May 7, 2013
Training a Subway Musician
By JACOB FROMMERDear Diary:
毎日のように電車通勤を続けているが、この二年間ずっと変わらない光景が一つだけある。ギターとパンフルートを携えて演奏する男だ。
私がその男の前を通り過ぎるのはいつもラッシュアワーを過ぎた午前10時ころなのだが、男の足元に置かれたギターケースの中には、1ドル札がほんの数枚と小銭が少々くらいしか入っていないことがほとんどだった。

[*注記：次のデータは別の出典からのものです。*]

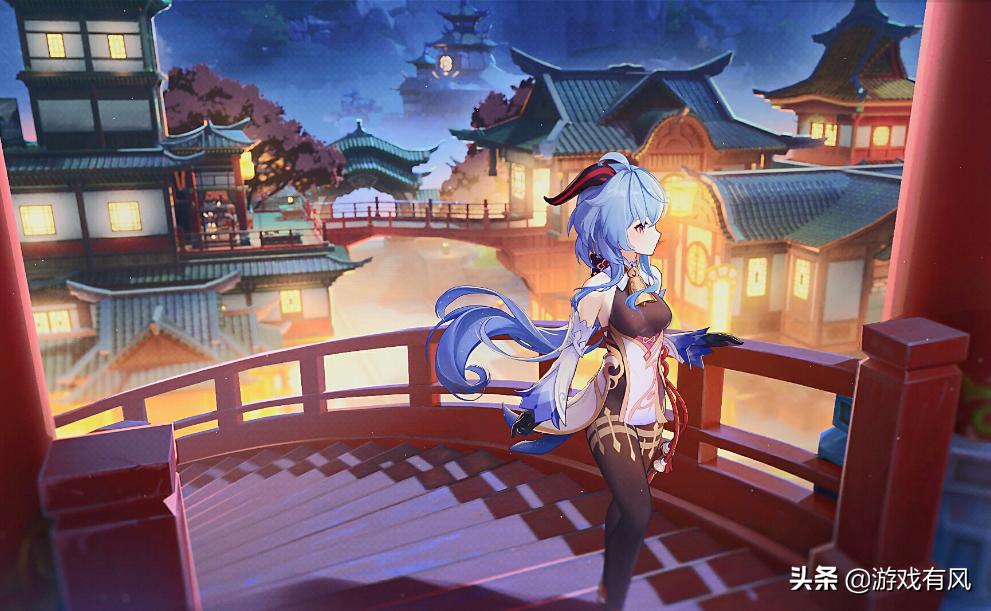 原神角色属性面板怎么升（原神怎么设置主页）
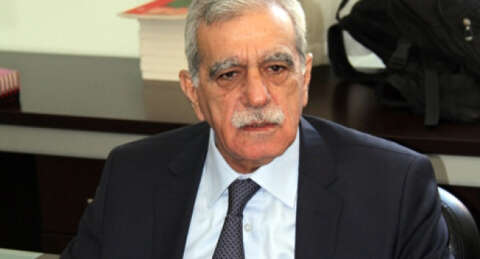 Ahmet Türk: Artık kan davalı değil siyasi rakibiz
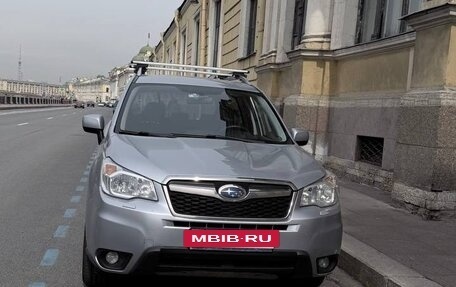 Subaru Forester, 2013 год, 1 380 000 рублей, 8 фотография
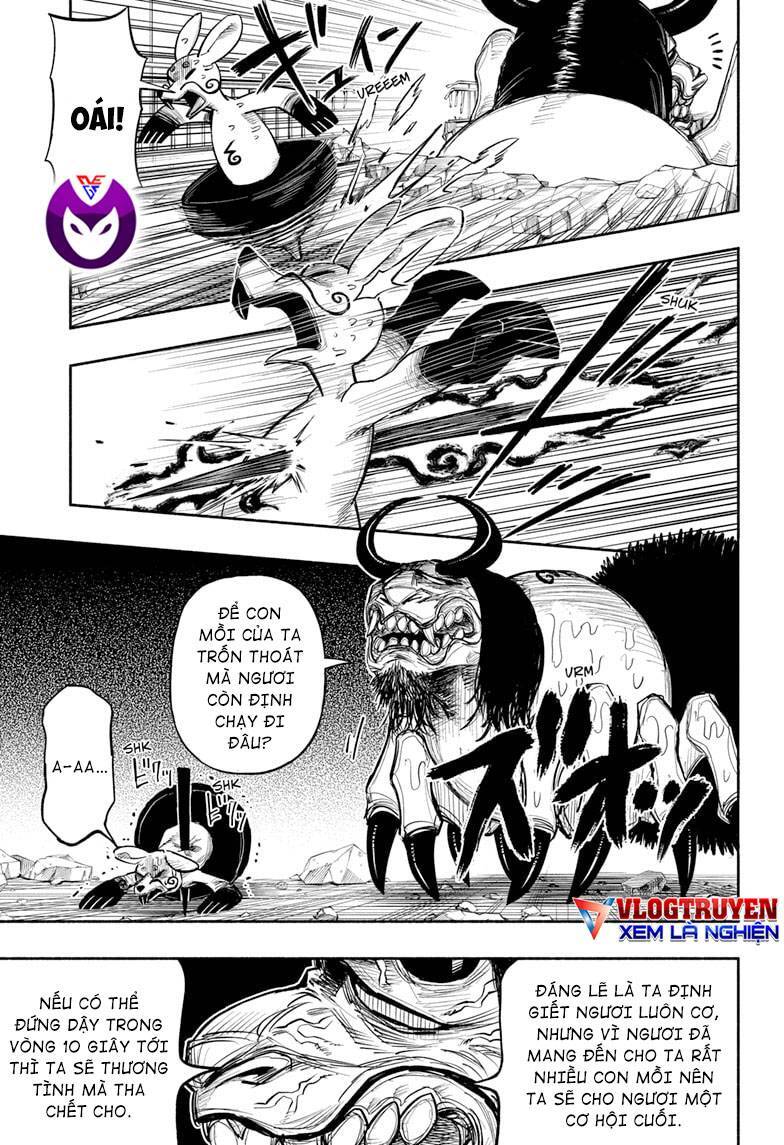 Samurai Diệt Quỷ Chapter 7 - 3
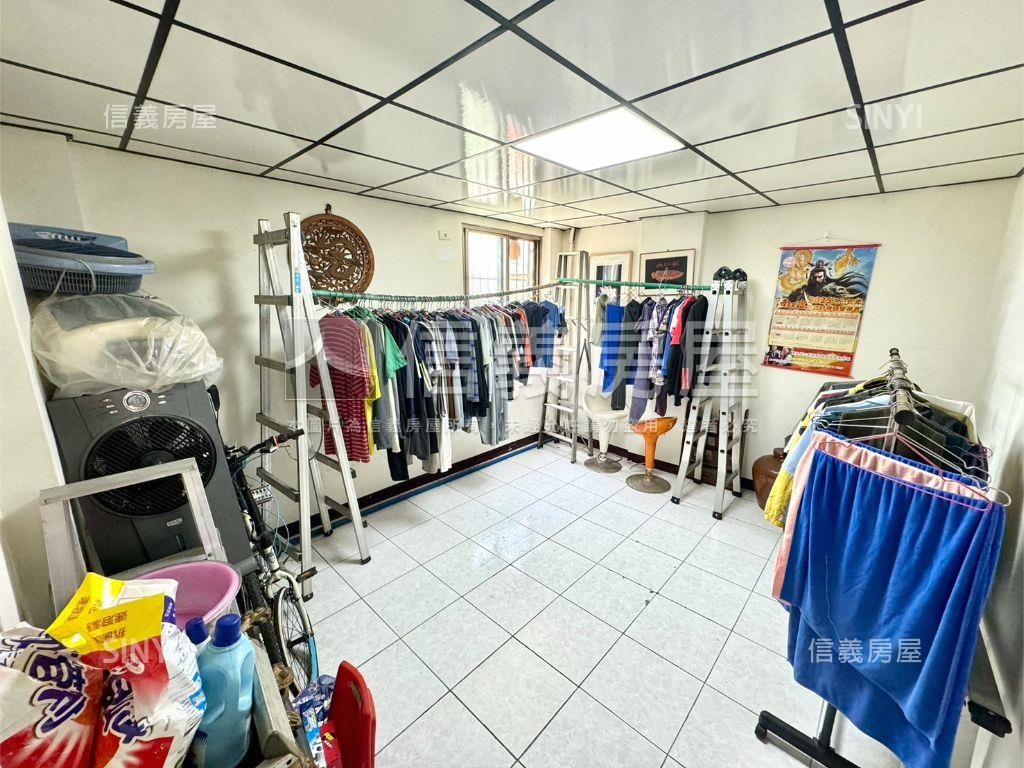 誠售˙修平科大旁透天房屋室內格局與周邊環境
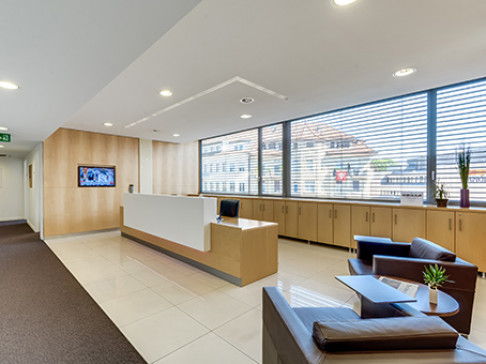 Office: Mainstation, Bahnhofplatz 17, Winterthur, CH-8400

毎日見かけていると嫌でも気づくことだが、男のレパートリーは「ホテル・カリフォルニア」をはじめとするイーグルスの名曲が数曲だけで、いつも変わりがない。
ある日私はこのミュージシャンのために、あるいは私も含めた他の通勤客のためにと言ってもよいが、一冊のロックギターの楽譜を買って手渡した。

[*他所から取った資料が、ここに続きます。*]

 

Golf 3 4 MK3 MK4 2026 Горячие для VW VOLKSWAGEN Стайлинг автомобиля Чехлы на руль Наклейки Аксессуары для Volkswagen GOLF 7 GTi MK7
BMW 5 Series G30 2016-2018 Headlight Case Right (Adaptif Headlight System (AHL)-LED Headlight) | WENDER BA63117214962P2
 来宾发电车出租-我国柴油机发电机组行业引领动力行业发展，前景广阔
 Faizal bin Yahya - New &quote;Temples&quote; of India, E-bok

それから二ヶ月たったが何も変わらなかった。ようやく3月になって、ある日、駅の階段を降りているといると、ビートルズの曲(パンフルート版だ)が聴こえてきた。しかもギターケースの中は、いつもとは比べ物にならないくらい、チップで一杯になっていた。
通り過ぎざまに、男は私に向かってウィンクして挨拶した。私はにやりと笑顔でうなづいた。